Poem | Somerlayton
When I wrote this poem, I thought of my childhood and a place on Earth that reminds me of happy days. I thought of my grandmother’s home in the midwest, where I spent much of my time as an adolescent and teen in the 1990’s and early 2000’s.
Just down the road, a large weeping willow tree sits on the edge of my aunt’s property, towering over a barren field that hasn’t seen a good harvest in decades. I often feel just like the weeping willow… meant to brave the worst, standing tall and strong against any storm. No matter what.

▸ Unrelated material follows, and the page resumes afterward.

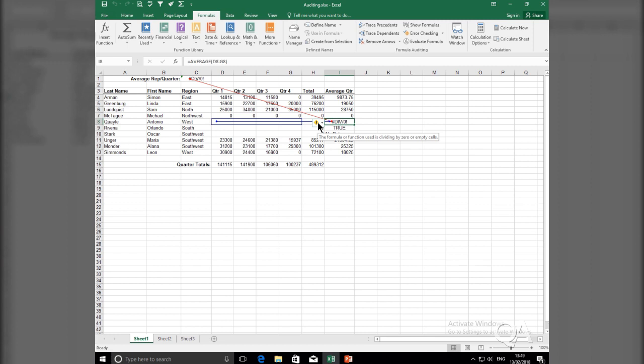In cell I8, we're trying to calculate the average. And generally, when you're calculating the average of a set of values, you're going to be dividing. And in this example, it's dividing by empty cells. And we know with Excel, we cannot divide by empty cells or cannot divide by zero.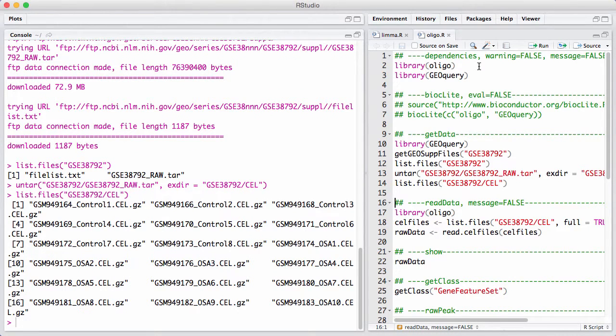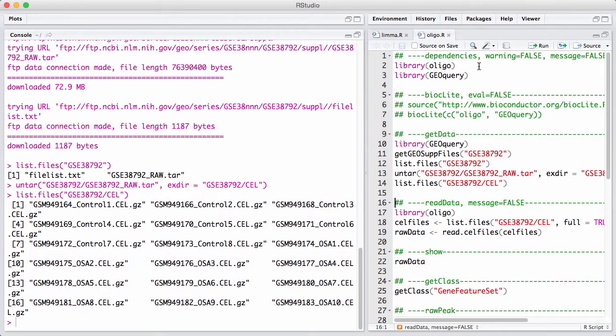We can see that the file names are actually very informative. They have some GSM sample IDs, and then they have underscore what we're actually interested in, which is the variable of interest. This experiment was comparing samples from some control patients to patients with sleep apnea. We can see we have the control samples 1 to 8, and then we have the treatment samples that are labeled as OSA from 1 to 10.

I’ve learned that grief takes every morsel of strength you believed you may have had and transforms it into a weakness. It shreds your boundaries and brings you to your knees, binding you to the ground as you shatter into the millions of shards that once made up the fabric of who you are. Grief knows no limits, and death knows no love for life.
It has been one year without my beloved dog, Allie May. She passed away on December 30, 2021 of renal failure in her left kidney due to TCC bladder cancer. It’s hard to believe how much time has already without her… and the fear of the future days, months, years, and decades without her is unfathomable.
I dedicate “Somerlayton” to her.
A weeping willow sheltered in the gales of November;
Alone in a field, she braces her trunk for each impact;
Shifting with the growing tensions of the relentless winds;
Her branches bend and creak, stretch and sway;
Ever moving with the unpredictable breeze;
Ever changing with the wisps of air from lands far away.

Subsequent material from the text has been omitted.